What is needed
Reproduce the whole of the records exactly, and make sure no picture is carried into the result.

Records for the task
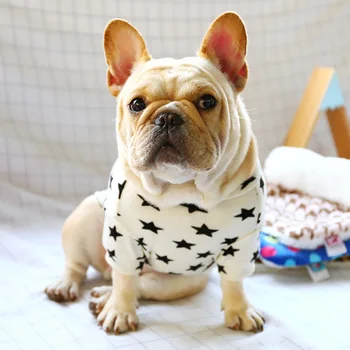 French Bulldog Pug Corgi Spring And Autumn Leisure Comfortable Round Neck Shirt British Bulldog Medium Small Pentagram Clothes
French Bulldog Pug Corgi Spring And Autumn Leisure Comfortable Round Neck Shirt British Bulldog Medium Small Pentagram Clothes
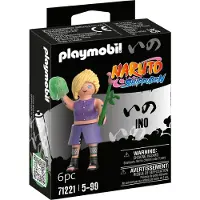 Playmobil Naruto - Ino - 71221 - 6 Deler - - OneSize - Lekefigur
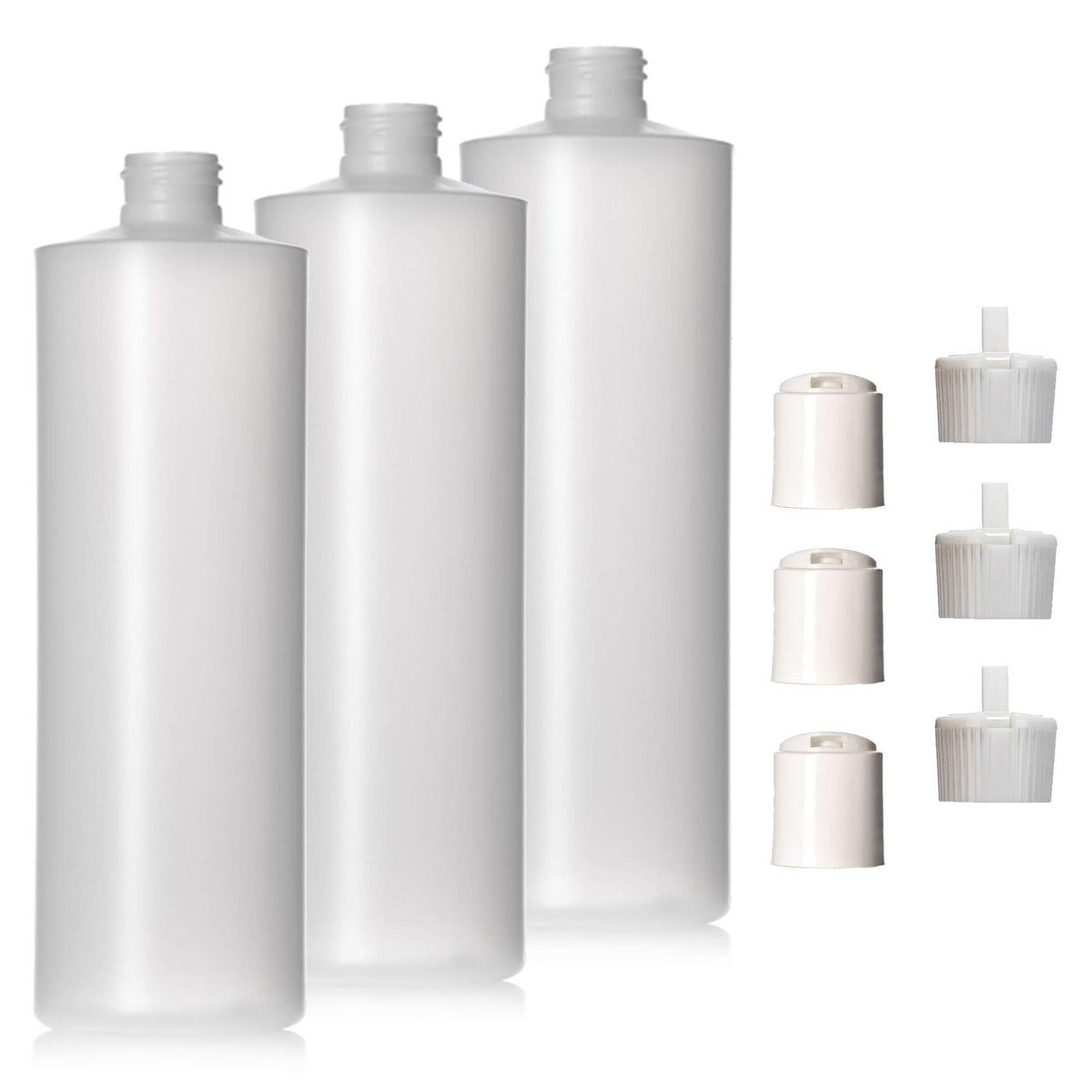 Aromine 16oz bottle with natural color disc cap for DIY products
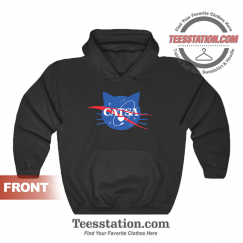 Nasa Cat Logo Parody Hoodie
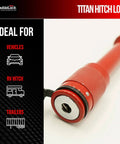 Rugged Hitch Pin Lock For Class III And IV Five Eighths Inch Hitches With Rubberized Cap, Weatherproof Anti Theft Security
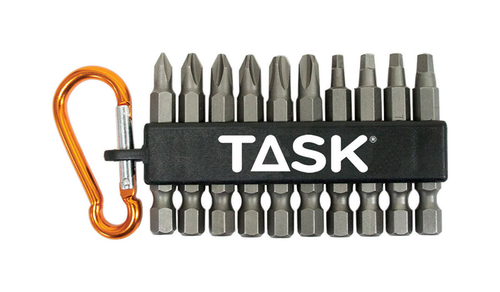Task Tools 2595510 0.25 dia. x 2 in. Phillips & Square Recess Drill Bi
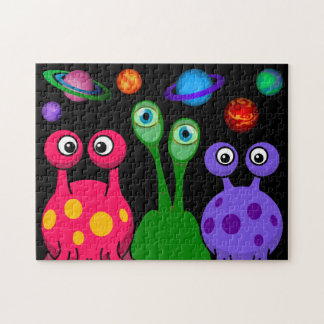 Aliens In Outer Space Jigsaw Puzzle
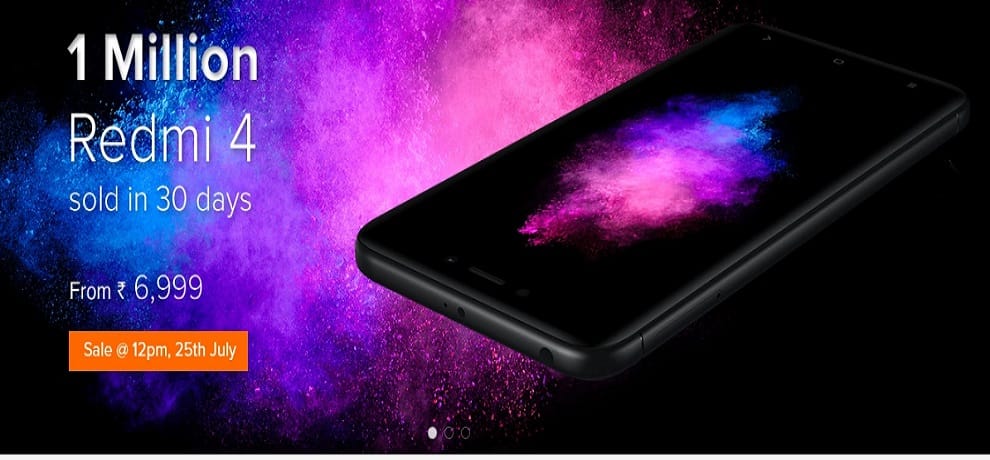 Xiaomi Redmi 4 goes to sale today via amazon and mi site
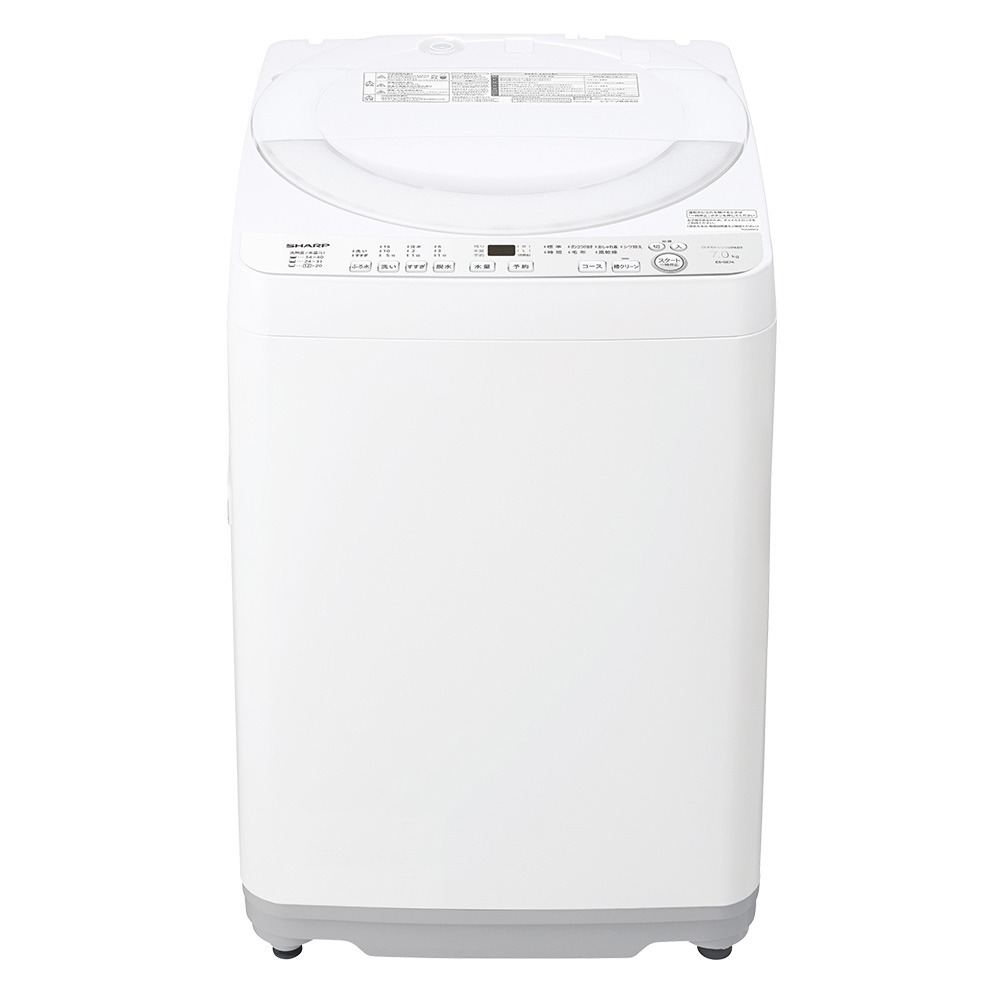 シャープ 全自動洗濯機 7kg ホワイト ES-GE7K-Wの表紙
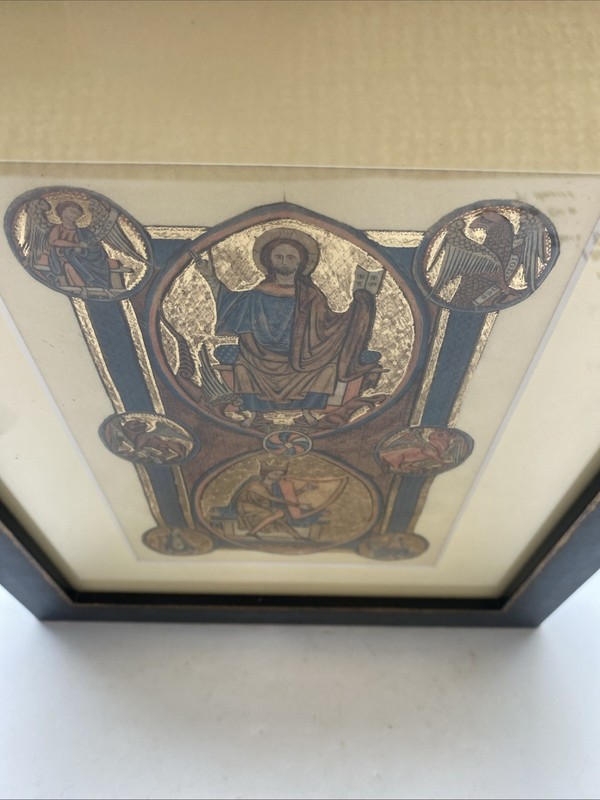 Medieval Manuscript Page Facsimile God/David William De Brailles Folio Soc 2012 gallery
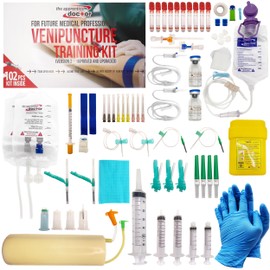 Apprentice Doctor IV & Phlebotomy Practice Kit with Online Training for Nurses & Phlebotomists. Practice & Perfect Venepuncture Skills Before Working on Real People (Updated Venipuncture Kit)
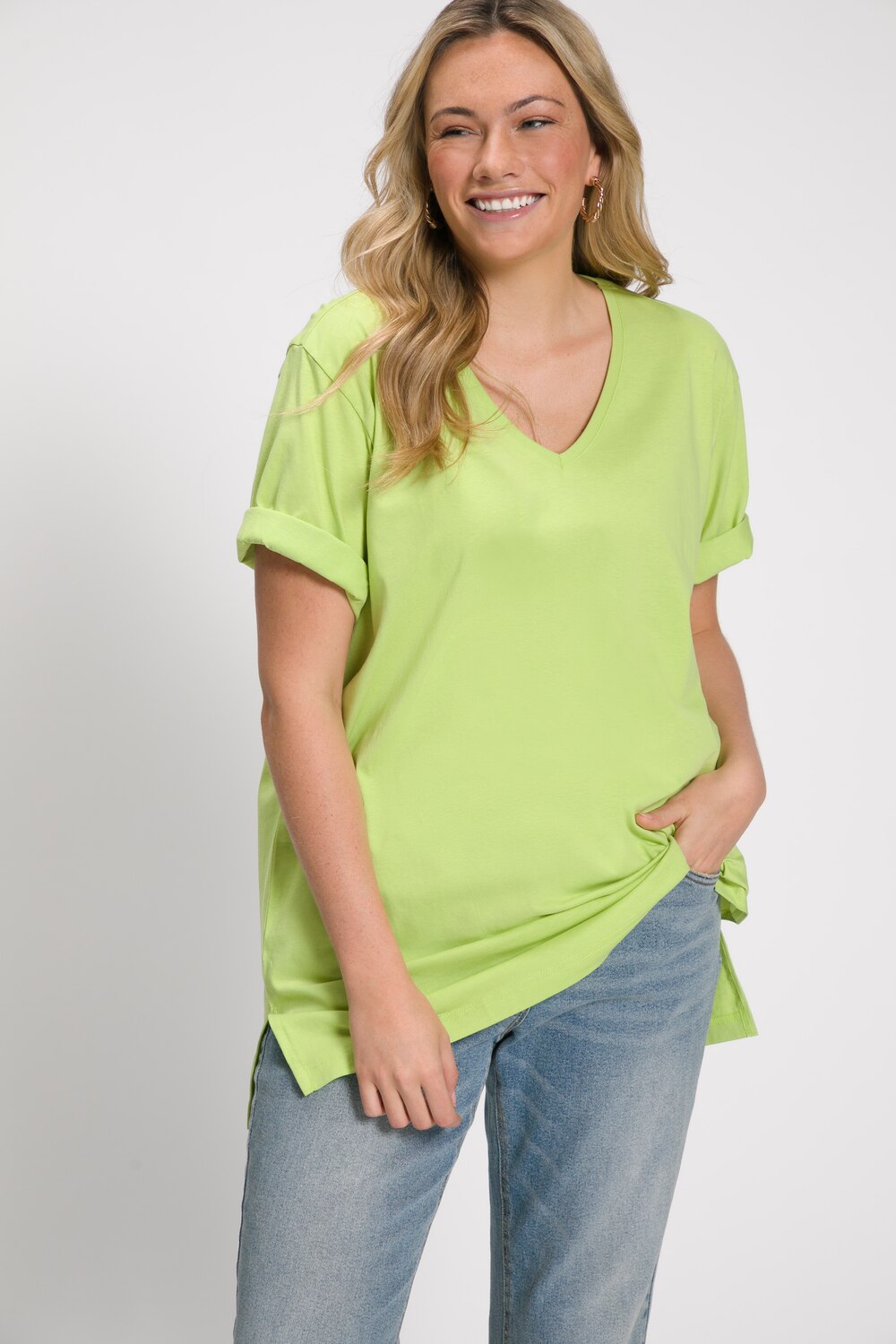 Grote Maten T-shirt, Dames, groen, Maat: 42/44, Ulla Popken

Answer box
 French Bulldog Pug Corgi Spring And Autumn Leisure Comfortable Round Neck Shirt British Bulldog Medium Small Pentagram Clothes
French Bulldog Pug Corgi Spring And Autumn Leisure Comfortable Round Neck Shirt British Bulldog Medium Small Pentagram Clothes
 Playmobil Naruto - Ino - 71221 - 6 Deler - - OneSize - Lekefigur
 Aromine 16oz bottle with natural color disc cap for DIY products
 Nasa Cat Logo Parody Hoodie
 Rugged Hitch Pin Lock For Class III And IV Five Eighths Inch Hitches With Rubberized Cap, Weatherproof Anti Theft Security
Task Tools 2595510 0.25 dia. x 2 in. Phillips & Square Recess Drill Bi
 Aliens In Outer Space Jigsaw Puzzle
 Xiaomi Redmi 4 goes to sale today via amazon and mi site
 シャープ 全自動洗濯機 7kg ホワイト ES-GE7K-Wの表紙
 Medieval Manuscript Page Facsimile God/David William De Brailles Folio Soc 2012 gallery
 Apprentice Doctor IV & Phlebotomy Practice Kit with Online Training for Nurses & Phlebotomists. Practice & Perfect Venepuncture Skills Before Working on Real People (Updated Venipuncture Kit)
 Grote Maten T-shirt, Dames, groen, Maat: 42/44, Ulla Popken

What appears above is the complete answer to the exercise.